TMMOB Şehir Plancıları Odası hazırlamış olduğu bu raporda bu başlıkları detaylı şekilde kendi içinde tartıştıktan sonra genel değerlendirmede bulundu. Genel değerlendirme bölümünde çarpıcı ve dikkat çekici ifadeler yer aldı.
Raporda Hatay kenti özelinde ‘Bir kent, günümüze gelene kadar uygun önlemlerle kırılgan olmaktan çıkarılıp aşama aşama dirençli hale getirilebilirdi’ ifadeleri kullanıldı. Bunun yanı sıra TMMOB Şehir Plancıları Odası hazırlamış olduğu raporda yapılması gerekenleri sıralayarak raporu sonlandırdı.
Yapılması gerekenler ise maddeler halinde şu şekilde sıralandı; “1- İmar mevzuatı bir bütün olarak kamu yararının gerektirdiği şekilde, Anayasa’nın devlete yüklediği sağlıklı ve güvenli yaşam alanlarını tüm yurttaşlara sunma görevini yerine getirecek şekilde kurgulanmalıdır.

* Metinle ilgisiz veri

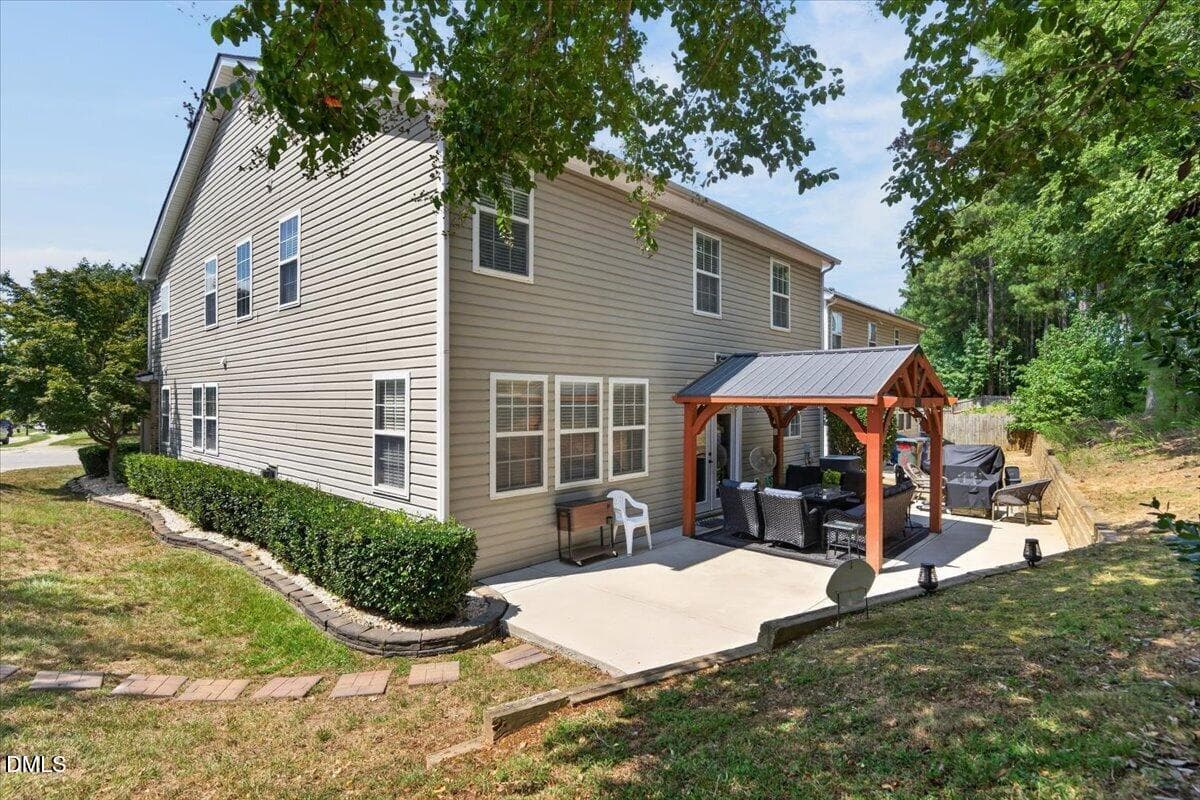 08-2945GladeAsterCtRaleigh_008 - 2945 Glade Aster Court, Raleigh, NC 27604, Raleigh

2- Planlama meslek alanındaki müdahale araçlarının yetersizliği görülerek, yapılaşma sürecinde yer alan diğer meslek alanlarına ek olarak plancıların analiz aşamasından, plan onay süreçlerine ve onaylı plan dahilinde başlanan yapılaşma sürecinin sonlanmasına kadar tüm süreçlerde etkin rol almasının sağlanması gerekmektedir.
3- Yapılaşma süreçlerinin plana uygun bir şekilde gerçekleştiğine dair kontrolün mevzuata eklenmesinin yanında, ilgili yönetmelikte tariflenen biçimde mühendislik tedbirlerinin uygulanıp uygulanmadığı etkin bir şekilde denetlenmelidir.
4-Yalnızca Fay hattına uzaklık veya yalnızca bina yapım yılı gibi veriler göz önüne alınarak belirlemeler yapmaktan kaçınılmalı, rapor bütününde farklı konu başlıklarındaki risk faktörleri ve deprem sonrası yaşanan yıkım ile karşılaştırılarak elde edilen mekansal veriler ışığında kapsamlı değerlendirmeler yapılarak kararlar alınmalıdır.
5- Tüm yurttaşlar için sağlıklı ve güvenli yaşam alanları inşa edebilmek ve bu tür büyük acılarla yeniden karşılaşmamak için sosyal konut politikalarını da içeren, yoksul halk kesimlerini önceleyen, barınma ve yeniden inşa sorununa yalnızca artı değer üreten bir sektörel faaliyet, bir beton dökme faaliyeti olarak bakmayan kamucu çözümler hayata geçirilmelidir.”
Yayımlanan raporun ardından görüşlerini dile getiren vatandaşlar, “Kaç rapor yayımlandı kimse dikkate almadı. Olmuşla ölmüşe çare yok. Artık ileri dönük bazı adımlar atılmalı. Yapılacak olan geri dönüşümler bu raporlar ışığında olmalı. Şimdi yapılan konutlar bu raporlar ışında yapılıyor mu? Kimse bu araştırmaları ciddiye alıyor. Fakat alması gerekiyor. Artık bizler güvenli yaşam alanları istiyoruz. Birkaç sene sonra veya gelecek nesillerimiz ölümle burun buruna gelmesin. Deprem gerçeğini bilsin ve bu yapılarda yaşam sürdürsün. Kısa vadeli değil uzun vadeli düşünülsün” ifadelerini kullandılar.